Web page caption snippets
#####
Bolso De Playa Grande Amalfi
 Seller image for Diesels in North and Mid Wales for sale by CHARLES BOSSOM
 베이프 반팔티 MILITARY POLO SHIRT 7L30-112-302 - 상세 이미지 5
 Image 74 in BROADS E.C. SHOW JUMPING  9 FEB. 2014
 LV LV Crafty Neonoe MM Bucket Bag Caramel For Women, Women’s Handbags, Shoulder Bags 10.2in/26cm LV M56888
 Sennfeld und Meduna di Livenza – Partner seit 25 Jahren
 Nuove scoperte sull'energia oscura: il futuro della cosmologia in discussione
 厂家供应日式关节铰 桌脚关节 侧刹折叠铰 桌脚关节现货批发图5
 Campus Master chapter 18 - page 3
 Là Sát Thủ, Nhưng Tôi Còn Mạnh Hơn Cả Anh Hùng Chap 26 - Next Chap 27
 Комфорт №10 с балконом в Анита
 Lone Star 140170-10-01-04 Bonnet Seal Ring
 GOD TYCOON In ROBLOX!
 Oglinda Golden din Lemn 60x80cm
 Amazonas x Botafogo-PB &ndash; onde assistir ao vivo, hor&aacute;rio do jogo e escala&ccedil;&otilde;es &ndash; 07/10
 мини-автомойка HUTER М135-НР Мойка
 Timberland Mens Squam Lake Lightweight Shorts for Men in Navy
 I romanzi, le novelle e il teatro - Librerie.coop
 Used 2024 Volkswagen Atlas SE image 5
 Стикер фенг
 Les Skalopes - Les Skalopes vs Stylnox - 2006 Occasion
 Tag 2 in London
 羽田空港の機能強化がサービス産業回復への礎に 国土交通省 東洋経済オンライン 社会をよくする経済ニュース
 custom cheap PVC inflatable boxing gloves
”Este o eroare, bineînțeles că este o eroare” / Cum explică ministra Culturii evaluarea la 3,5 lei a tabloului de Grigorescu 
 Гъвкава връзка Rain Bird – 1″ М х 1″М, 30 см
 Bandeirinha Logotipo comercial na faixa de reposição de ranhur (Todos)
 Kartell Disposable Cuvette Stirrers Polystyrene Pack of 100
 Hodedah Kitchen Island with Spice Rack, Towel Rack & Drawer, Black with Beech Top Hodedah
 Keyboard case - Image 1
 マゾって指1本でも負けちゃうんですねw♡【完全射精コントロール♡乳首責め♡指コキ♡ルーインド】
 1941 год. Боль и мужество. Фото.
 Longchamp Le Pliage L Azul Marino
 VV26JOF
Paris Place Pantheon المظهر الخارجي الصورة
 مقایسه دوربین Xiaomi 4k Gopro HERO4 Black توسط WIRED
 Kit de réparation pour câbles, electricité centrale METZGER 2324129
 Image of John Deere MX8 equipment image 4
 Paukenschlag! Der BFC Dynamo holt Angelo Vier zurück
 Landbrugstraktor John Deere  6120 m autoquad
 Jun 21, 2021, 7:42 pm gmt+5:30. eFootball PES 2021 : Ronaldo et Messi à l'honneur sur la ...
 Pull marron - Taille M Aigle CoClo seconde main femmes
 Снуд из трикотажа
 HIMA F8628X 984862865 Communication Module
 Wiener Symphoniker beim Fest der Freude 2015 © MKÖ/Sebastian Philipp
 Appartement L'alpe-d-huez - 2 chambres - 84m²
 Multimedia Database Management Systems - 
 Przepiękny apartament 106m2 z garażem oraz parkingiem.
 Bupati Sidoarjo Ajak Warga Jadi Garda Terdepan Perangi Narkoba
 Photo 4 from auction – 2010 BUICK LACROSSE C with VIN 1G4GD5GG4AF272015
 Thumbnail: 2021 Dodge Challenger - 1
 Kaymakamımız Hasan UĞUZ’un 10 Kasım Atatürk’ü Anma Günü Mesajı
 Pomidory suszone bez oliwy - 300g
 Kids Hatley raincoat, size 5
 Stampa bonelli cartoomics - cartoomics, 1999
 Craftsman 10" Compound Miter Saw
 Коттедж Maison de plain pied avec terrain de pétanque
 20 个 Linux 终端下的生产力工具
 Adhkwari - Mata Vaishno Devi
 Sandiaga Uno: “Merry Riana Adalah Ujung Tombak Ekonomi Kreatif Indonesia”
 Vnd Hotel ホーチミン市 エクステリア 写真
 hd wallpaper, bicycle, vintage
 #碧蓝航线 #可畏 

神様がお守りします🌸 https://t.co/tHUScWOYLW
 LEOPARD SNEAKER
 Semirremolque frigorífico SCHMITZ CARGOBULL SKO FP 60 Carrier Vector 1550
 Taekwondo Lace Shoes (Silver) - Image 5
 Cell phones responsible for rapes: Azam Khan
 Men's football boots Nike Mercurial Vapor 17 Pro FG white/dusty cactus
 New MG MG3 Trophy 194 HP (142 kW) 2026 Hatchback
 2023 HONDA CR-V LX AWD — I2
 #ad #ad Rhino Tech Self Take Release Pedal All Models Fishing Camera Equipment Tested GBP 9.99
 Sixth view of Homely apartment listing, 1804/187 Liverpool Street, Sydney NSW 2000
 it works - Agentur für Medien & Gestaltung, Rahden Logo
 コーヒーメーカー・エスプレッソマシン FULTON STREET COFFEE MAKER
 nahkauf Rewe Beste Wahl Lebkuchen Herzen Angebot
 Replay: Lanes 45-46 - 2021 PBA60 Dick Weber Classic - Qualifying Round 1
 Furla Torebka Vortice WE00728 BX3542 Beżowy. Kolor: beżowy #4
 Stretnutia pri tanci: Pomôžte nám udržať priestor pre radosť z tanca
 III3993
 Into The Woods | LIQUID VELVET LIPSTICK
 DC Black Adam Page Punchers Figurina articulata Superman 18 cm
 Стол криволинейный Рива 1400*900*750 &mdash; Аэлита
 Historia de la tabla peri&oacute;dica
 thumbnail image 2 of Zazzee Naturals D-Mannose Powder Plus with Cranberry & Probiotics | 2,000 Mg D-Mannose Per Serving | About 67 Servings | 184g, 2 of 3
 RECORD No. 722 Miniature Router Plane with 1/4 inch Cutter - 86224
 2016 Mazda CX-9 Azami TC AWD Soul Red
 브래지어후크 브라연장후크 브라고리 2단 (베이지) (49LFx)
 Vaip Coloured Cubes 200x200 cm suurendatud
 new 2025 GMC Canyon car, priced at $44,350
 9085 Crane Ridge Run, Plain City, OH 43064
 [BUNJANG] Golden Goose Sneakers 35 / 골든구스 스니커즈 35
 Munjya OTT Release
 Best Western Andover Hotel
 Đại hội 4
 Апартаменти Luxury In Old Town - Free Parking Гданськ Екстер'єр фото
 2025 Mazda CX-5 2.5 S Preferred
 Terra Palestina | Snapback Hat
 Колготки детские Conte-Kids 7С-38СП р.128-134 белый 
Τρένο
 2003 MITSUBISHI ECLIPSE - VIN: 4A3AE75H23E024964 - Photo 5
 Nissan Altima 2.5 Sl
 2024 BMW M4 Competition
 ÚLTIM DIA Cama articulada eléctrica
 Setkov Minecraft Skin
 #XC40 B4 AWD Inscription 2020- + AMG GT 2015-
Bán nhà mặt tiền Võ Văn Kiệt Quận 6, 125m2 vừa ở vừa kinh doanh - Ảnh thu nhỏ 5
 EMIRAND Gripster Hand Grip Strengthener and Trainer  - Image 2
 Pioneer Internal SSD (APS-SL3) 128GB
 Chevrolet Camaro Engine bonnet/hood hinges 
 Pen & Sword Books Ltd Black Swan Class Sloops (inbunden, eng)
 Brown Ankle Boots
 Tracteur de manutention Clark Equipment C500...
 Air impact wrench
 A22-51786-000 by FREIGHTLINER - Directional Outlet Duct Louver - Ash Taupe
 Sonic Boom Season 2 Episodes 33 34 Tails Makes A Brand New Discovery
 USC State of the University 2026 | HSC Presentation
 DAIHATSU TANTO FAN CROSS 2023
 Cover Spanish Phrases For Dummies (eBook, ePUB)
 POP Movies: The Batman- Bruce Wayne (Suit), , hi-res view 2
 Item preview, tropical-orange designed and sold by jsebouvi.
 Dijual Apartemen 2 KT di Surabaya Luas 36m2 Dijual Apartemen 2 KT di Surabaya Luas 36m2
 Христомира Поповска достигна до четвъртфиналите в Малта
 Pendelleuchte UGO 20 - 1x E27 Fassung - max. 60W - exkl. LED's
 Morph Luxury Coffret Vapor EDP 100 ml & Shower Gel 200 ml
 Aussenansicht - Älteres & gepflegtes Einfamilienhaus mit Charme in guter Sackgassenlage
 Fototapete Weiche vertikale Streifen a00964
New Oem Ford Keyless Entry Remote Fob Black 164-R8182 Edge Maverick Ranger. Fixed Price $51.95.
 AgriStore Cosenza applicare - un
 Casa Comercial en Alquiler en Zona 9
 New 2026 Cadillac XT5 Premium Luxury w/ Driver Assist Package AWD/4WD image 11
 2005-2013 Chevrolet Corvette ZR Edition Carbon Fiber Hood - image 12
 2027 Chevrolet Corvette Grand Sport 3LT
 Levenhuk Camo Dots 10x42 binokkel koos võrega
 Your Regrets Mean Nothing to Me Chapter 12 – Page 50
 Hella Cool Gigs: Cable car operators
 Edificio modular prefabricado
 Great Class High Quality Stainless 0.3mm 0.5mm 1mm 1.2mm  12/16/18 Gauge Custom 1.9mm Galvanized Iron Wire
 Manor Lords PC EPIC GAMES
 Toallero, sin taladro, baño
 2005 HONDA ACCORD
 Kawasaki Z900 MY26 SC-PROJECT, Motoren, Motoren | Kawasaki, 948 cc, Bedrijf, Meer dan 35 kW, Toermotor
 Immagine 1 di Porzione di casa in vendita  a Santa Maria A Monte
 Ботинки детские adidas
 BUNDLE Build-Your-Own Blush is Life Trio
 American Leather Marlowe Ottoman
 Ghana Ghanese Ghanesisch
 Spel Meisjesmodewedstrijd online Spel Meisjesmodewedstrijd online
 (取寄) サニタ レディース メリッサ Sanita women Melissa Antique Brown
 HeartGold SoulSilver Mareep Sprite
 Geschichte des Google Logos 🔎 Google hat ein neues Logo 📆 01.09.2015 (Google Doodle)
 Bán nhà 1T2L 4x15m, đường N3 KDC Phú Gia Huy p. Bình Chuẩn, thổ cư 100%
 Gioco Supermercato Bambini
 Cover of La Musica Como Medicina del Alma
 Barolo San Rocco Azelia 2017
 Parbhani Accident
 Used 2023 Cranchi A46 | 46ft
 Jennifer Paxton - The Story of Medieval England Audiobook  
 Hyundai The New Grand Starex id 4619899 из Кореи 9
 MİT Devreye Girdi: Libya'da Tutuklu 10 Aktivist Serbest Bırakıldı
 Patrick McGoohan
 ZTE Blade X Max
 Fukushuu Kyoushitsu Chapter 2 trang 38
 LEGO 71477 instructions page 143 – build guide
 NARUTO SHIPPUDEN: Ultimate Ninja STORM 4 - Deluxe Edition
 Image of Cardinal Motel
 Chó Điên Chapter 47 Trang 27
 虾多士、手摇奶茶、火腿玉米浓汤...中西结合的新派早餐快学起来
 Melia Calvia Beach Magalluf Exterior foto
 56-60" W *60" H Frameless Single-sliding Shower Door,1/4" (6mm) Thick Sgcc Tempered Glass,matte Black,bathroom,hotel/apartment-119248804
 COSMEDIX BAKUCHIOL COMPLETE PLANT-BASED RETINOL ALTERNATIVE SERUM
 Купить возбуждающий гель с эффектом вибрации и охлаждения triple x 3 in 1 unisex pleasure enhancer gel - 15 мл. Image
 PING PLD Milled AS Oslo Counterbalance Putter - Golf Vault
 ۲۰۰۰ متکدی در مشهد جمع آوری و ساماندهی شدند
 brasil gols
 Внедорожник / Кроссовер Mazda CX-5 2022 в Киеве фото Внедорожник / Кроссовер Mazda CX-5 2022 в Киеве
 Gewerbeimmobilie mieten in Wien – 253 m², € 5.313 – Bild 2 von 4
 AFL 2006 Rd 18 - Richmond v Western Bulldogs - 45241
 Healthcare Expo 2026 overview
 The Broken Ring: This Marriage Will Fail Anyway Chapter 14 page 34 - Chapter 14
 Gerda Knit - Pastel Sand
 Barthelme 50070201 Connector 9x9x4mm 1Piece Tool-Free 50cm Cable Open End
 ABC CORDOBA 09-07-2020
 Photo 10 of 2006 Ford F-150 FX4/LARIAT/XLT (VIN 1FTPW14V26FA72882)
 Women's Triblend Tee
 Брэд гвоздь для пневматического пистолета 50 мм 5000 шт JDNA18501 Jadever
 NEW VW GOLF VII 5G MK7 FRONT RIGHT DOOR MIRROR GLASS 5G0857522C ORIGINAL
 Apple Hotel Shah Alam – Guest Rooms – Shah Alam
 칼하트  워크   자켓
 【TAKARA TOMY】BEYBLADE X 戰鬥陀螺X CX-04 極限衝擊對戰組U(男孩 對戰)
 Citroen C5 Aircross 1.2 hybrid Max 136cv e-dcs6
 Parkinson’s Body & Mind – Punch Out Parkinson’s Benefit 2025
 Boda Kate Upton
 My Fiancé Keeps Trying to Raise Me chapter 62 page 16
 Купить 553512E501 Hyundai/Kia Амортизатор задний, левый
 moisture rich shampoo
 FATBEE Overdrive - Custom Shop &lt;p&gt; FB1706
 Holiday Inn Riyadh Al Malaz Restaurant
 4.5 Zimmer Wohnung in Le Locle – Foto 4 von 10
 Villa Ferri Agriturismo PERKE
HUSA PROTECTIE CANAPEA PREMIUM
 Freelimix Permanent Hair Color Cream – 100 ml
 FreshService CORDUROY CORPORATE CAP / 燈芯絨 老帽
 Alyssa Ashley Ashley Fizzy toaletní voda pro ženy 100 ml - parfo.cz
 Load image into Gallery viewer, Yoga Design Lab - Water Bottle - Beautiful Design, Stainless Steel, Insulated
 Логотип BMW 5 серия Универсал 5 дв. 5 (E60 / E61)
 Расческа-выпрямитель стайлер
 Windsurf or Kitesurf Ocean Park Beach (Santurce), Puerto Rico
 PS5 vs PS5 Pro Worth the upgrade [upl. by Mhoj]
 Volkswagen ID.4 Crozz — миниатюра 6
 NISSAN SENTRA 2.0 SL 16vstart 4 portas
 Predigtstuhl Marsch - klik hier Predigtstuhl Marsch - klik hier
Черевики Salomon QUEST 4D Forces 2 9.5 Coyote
#####
**TASK:**
Copy, exactly and only, the lines above that begin with the one containing "厂家供应日式关节铰 桌脚关节 侧刹折叠铰 桌脚关节现货批发图5" and finish with the one containing "мини-автомойка HUTER М135-НР Мойка".

**OUTPUT OF THE EXERCISE:**
 厂家供应日式关节铰 桌脚关节 侧刹折叠铰 桌脚关节现货批发图5
 Campus Master chapter 18 - page 3
 Là Sát Thủ, Nhưng Tôi Còn Mạnh Hơn Cả Anh Hùng Chap 26 - Next Chap 27
 Комфорт №10 с балконом в Анита
 Lone Star 140170-10-01-04 Bonnet Seal Ring
 GOD TYCOON In ROBLOX!
 Oglinda Golden din Lemn 60x80cm
 Amazonas x Botafogo-PB &ndash; onde assistir ao vivo, hor&aacute;rio do jogo e escala&ccedil;&otilde;es &ndash; 07/10
 мини-автомойка HUTER М135-НР Мойка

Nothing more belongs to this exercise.